Ofício recebido em 8 de setembro sugere prioridade na apuração de conteúdos violentos, maior divulgação da escolta da Polícia Federal e canal direto com as campanhas — medidas de alcance nacional.

O presidente do Tribunal Superior Eleitoral (TSE), ministro Nunes Marques, solicitou ao Ministério da Justiça e Segurança Pública que avalie, em conjunto com a Polícia Federal, medidas para prevenir e investigar ameaças contra candidatos à Presidência da República. O ofício foi recebido pela pasta na terça-feira (8).

Segundo veículos que tiveram acesso ao teor do documento, o ministro sugeriu que o Ministério da Justiça examine três frentes: priorizar a apuração de conteúdos violentos dirigidos a presidenciáveis; ampliar a divulgação da proteção oferecida pela PF; e criar um canal direto entre a corporação e as campanhas para o envio de denúncias e informações sobre possíveis crimes. Relato do R7 indica ainda a proposta de reunião presencial entre a pasta e autoridades eleitorais. Até a publicação desta matéria, não havia confirmação pública de resposta do ministro Wellington César Lima e Silva.

A iniciativa foi motivada por relato da campanha de Flávio Bolsonaro (PL) ao TSE, que apontou o que descreveu como escalada de violência política contra o candidato. O levantamento apresentado pela campanha aponta 2.463 conteúdos considerados de risco entre 5 e 14 de agosto. Os números partem do monitoramento da própria equipe e não foram, nas fontes consultadas, referendados como estatística oficial do tribunal.
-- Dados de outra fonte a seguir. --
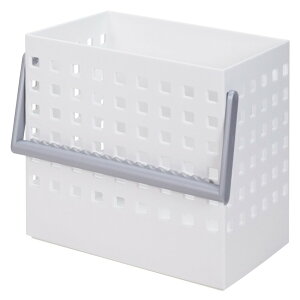 g썑HƏ Mag-On }OlbgXg[W (RpNgL) [zCg] 8036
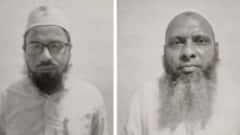 ધર્મ પરિવર્તન અંગે ATS આવ્યું એક્શનમાં, લખનઉથી કરી 2 મૌલાનાની ધરપકડ,જુઓ વીડિયો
Um dos episódios citados ocorreu em Juiz de Fora (MG), cidade em que Jair Bolsonaro sofreu uma facada na campanha de 2018. Um homem é investigado por ter escrito “Dessa vez deixa cmg”, com dois emojis de faca, em publicação no Facebook que anunciava agenda de Flávio na cidade. A Justiça mineira autorizou apreensão de equipamentos eletrônicos e acesso a dados do investigado, além de determinar distância mínima de 500 metros e vedação de contato com o candidato. O caso está em fase investigatória.

As medidas propostas por Nunes Marques não se restringem a essa campanha. O ofício pede que a pasta avalie ações voltadas à segurança de todas as candidaturas ao Planalto.

Conforme dados da Polícia Judicial do TSE, seis candidatos contavam, no fim de agosto, com equipes da Polícia Federal: Augusto Cury (Avante), Clariana Barão (DC), Edmilson Costa (PCB), Renan Santos (Missão), Ronaldo Caiado (PSD) e Romeu Zema (Novo). O presidente Luiz Inácio Lula da Silva, candidato à reeleição, também dispõe de proteção. Flávio Bolsonaro optou por escolta de policiais do Senado.

A adesão à segurança da PF é facultativa. Segundo a corporação, a estrutura pode incluir, conforme o risco de cada agenda, veículos blindados, equipes táticas, sistemas contra drones, reconhecimento facial, monitoramento de ameaças digitais e equipamentos para inspeções antibombas.

O pedido do TSE ocorre a menos de dois meses do primeiro turno e se insere no dever institucional de resguardar a normalidade do pleito. Não se trata de decisão judicial sobre culpados, nem de reconhecimento oficial de que todas as mensagens mapeadas pela campanha configurem crime. Cabe agora ao Ministério da Justiça e à PF avaliar a viabilidade operacional das medidas sugeridas.